* **Exercise details**
Down to the last line below, give the listing again exactly.

+++ Given data

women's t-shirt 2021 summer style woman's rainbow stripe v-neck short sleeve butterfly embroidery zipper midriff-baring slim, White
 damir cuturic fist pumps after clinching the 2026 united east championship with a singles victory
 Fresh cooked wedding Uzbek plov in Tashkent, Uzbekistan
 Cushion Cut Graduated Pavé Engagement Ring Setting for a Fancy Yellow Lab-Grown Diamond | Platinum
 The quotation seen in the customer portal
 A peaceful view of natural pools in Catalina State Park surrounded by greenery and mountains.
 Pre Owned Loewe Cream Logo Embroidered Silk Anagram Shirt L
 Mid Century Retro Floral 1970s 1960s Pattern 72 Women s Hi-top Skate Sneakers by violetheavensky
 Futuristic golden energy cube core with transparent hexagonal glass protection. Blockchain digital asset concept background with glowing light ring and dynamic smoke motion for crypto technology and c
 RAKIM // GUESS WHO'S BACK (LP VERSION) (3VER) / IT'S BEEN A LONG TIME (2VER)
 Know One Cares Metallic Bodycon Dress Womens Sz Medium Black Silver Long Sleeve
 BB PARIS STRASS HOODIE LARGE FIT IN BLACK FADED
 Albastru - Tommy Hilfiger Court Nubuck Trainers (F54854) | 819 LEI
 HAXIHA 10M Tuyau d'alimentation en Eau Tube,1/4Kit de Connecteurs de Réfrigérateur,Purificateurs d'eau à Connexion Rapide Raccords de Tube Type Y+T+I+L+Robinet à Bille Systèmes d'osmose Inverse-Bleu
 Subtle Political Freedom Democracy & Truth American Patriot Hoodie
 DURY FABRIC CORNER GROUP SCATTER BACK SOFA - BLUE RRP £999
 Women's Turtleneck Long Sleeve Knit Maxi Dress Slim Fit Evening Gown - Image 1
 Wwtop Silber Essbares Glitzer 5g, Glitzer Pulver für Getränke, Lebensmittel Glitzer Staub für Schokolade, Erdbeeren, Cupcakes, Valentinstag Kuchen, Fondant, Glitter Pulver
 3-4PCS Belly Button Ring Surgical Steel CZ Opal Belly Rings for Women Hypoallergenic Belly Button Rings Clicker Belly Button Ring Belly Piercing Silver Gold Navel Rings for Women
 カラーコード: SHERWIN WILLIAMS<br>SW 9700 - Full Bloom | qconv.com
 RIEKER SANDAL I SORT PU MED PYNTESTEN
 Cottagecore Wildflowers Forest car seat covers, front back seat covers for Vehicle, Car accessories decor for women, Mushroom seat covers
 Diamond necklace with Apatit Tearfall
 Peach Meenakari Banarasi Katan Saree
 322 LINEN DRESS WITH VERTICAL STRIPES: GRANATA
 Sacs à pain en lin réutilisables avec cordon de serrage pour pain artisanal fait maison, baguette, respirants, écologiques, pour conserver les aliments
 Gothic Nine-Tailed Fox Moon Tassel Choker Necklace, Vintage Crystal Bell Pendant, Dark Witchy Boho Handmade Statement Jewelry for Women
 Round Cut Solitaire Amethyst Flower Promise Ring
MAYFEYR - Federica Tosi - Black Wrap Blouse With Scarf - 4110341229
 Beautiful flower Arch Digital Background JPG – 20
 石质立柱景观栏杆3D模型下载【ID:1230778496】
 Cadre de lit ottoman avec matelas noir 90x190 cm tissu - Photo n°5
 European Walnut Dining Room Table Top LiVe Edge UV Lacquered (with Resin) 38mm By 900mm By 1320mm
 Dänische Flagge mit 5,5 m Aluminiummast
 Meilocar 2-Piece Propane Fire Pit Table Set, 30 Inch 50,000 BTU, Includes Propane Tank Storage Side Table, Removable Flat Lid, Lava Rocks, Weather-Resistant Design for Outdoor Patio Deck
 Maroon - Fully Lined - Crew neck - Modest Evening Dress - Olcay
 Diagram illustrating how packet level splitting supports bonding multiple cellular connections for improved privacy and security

++++++

* **Task solution**
women's t-shirt 2021 summer style woman's rainbow stripe v-neck short sleeve butterfly embroidery zipper midriff-baring slim, White
 damir cuturic fist pumps after clinching the 2026 united east championship with a singles victory
 Fresh cooked wedding Uzbek plov in Tashkent, Uzbekistan
 Cushion Cut Graduated Pavé Engagement Ring Setting for a Fancy Yellow Lab-Grown Diamond | Platinum
 The quotation seen in the customer portal
 A peaceful view of natural pools in Catalina State Park surrounded by greenery and mountains.
 Pre Owned Loewe Cream Logo Embroidered Silk Anagram Shirt L
 Mid Century Retro Floral 1970s 1960s Pattern 72 Women s Hi-top Skate Sneakers by violetheavensky
 Futuristic golden energy cube core with transparent hexagonal glass protection. Blockchain digital asset concept background with glowing light ring and dynamic smoke motion for crypto technology and c
 RAKIM // GUESS WHO'S BACK (LP VERSION) (3VER) / IT'S BEEN A LONG TIME (2VER)
 Know One Cares Metallic Bodycon Dress Womens Sz Medium Black Silver Long Sleeve
 BB PARIS STRASS HOODIE LARGE FIT IN BLACK FADED
 Albastru - Tommy Hilfiger Court Nubuck Trainers (F54854) | 819 LEI
 HAXIHA 10M Tuyau d'alimentation en Eau Tube,1/4Kit de Connecteurs de Réfrigérateur,Purificateurs d'eau à Connexion Rapide Raccords de Tube Type Y+T+I+L+Robinet à Bille Systèmes d'osmose Inverse-Bleu
 Subtle Political Freedom Democracy & Truth American Patriot Hoodie
 DURY FABRIC CORNER GROUP SCATTER BACK SOFA - BLUE RRP £999
 Women's Turtleneck Long Sleeve Knit Maxi Dress Slim Fit Evening Gown - Image 1
 Wwtop Silber Essbares Glitzer 5g, Glitzer Pulver für Getränke, Lebensmittel Glitzer Staub für Schokolade, Erdbeeren, Cupcakes, Valentinstag Kuchen, Fondant, Glitter Pulver
 3-4PCS Belly Button Ring Surgical Steel CZ Opal Belly Rings for Women Hypoallergenic Belly Button Rings Clicker Belly Button Ring Belly Piercing Silver Gold Navel Rings for Women
 カラーコード: SHERWIN WILLIAMS<br>SW 9700 - Full Bloom | qconv.com
 RIEKER SANDAL I SORT PU MED PYNTESTEN
 Cottagecore Wildflowers Forest car seat covers, front back seat covers for Vehicle, Car accessories decor for women, Mushroom seat covers
 Diamond necklace with Apatit Tearfall
 Peach Meenakari Banarasi Katan Saree
 322 LINEN DRESS WITH VERTICAL STRIPES: GRANATA
 Sacs à pain en lin réutilisables avec cordon de serrage pour pain artisanal fait maison, baguette, respirants, écologiques, pour conserver les aliments
 Gothic Nine-Tailed Fox Moon Tassel Choker Necklace, Vintage Crystal Bell Pendant, Dark Witchy Boho Handmade Statement Jewelry for Women
 Round Cut Solitaire Amethyst Flower Promise Ring
MAYFEYR - Federica Tosi - Black Wrap Blouse With Scarf - 4110341229
 Beautiful flower Arch Digital Background JPG – 20
 石质立柱景观栏杆3D模型下载【ID:1230778496】
 Cadre de lit ottoman avec matelas noir 90x190 cm tissu - Photo n°5
 European Walnut Dining Room Table Top LiVe Edge UV Lacquered (with Resin) 38mm By 900mm By 1320mm
 Dänische Flagge mit 5,5 m Aluminiummast
 Meilocar 2-Piece Propane Fire Pit Table Set, 30 Inch 50,000 BTU, Includes Propane Tank Storage Side Table, Removable Flat Lid, Lava Rocks, Weather-Resistant Design for Outdoor Patio Deck
 Maroon - Fully Lined - Crew neck - Modest Evening Dress - Olcay
 Diagram illustrating how packet level splitting supports bonding multiple cellular connections for improved privacy and security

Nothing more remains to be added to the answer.